Haylet Atwell as Margaret Schlegel in HBO Howards End (scripted Kenneth Lonergan)
Anthony Hopkins as Mr Stevens and Emma Thompson as Miss Kenton in 1993 Remains of the Day (scripted by Harold Pinter, then revised Merchant-Ivory-Jhabvala, 1993)
For a course at the Oscher LifeLong Learning Institute at American University
Days: Monday mornings, 11:45 am to 1:15 pm,
June 7 to 28,
4 sessions online, zoom meeting style (location of building: 4801 Massachusetts Ave, NW) 20016
Dr Ellen Moody
Peppard Cottage used for Howards End in M-I-J 1993 (here it is not photographed in prettying up light) – the house in the novel is Rooksnest which Forster and his mother lived in for many years
Dyrham Park (South Gloucester) used for Darlington Hall in 1993 Remains of the Day
Description of Course: SG 1620 Summer 2021 Two novels of longing at two ends of an Imperialist century
The class will read as a diptych E.M. Forster’s Howards End (1910) and Kazuo Ishiguro’s The Remains of the Day (1989). Both examine class, race, war, fascism and colonialism; family, sex, and property relationships from the “empire’s center,” England, from a post-colonial POV. The core center of both novels is the human needs of their characters against capitalist, gender- and class-based backgrounds. I urge people see on their own either or both the 1992 Merchant-Ivory-Jhabvala film Howards End (w/Thompson & Hopkins) and 2015 HBO serial, Howards End (Kenneth Lonergan w/Atwell & Macfayden); and the 1993 Merchant-Ivory-Jhabvala film The Remains of the Day (also w/Thompson & Hopkins). We can ask how ironic romances can teach us fundamental lessons about how to survive and thrive in today’s worlds.
Required Texts:
E. M. Forster, Howards End, ed Abinger Edition, introd, notes David Lodge. London: Penguin, 2000. ISBN 978-0-14-118231-1
Kazuo Ishiguro, The Remains of the Day. NY: Knopf, 1989; or Vintage International, 1990. ISBN 978-06-7973172-1
There are readily available relatively inexpensive MP3CD sets of the Howards End read by Nadia May (Blackstone) and Remains of the Day by Simon Prebble (Tantor). Both are superb. A more expensive CD audio of Howards End by Colleen Prendergast. All unabridged.
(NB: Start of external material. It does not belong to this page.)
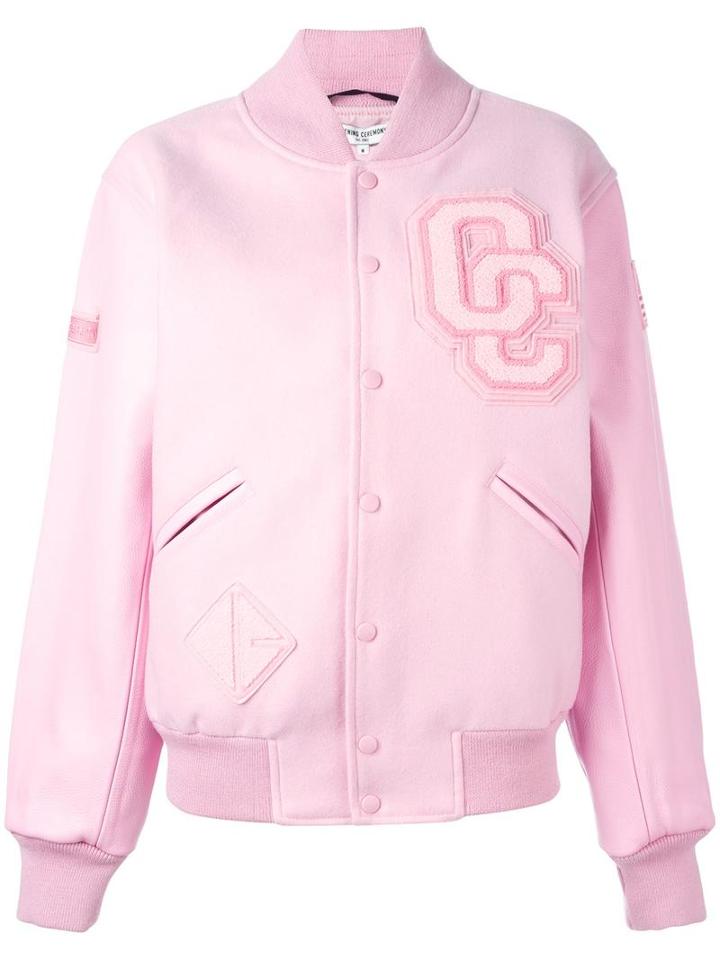 Opening Ceremony Logo Patch Bomber Jacket, Women's, Size: Medium, Pink/purple, Wool/polyester/leather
All three movies (films? streaming videos?) are available on Amazon prime (small price for viewing or none at all).
Format: The class will be a mix of informal lecture and group discussion.
June 7: Introduction: Forster, his life & other writing, Bloomsbury (kept short), Forster’s Howards End
June 14: Howards End and the 2 film adaptations
June 21: Transition from Howards End to The Remains of the Day
June 28: The Remains of the Day, the one film adaptation, and if time permits Ishiguro’s other novels (esp. A Pale View of the Hills, Never Let Me Go, When We Were Orphans) & 2 films made from Ishiguro’s books beyond what’s cited above, viz., The White Countess (Ishiguro wrote the screenplay) and Never Let Me Go.
Emma Thompson seen from afar as Miss Kenton, walking as much in the corridors of Mr Stevens’ mind as those of Darlington Hall (she also plays Margaret Schlegel in the 1993 Howards End)
Helena Bonham Carter as Helen Schlegel (the younger sister, a Marianne Dashwood type) (1993 Howards End)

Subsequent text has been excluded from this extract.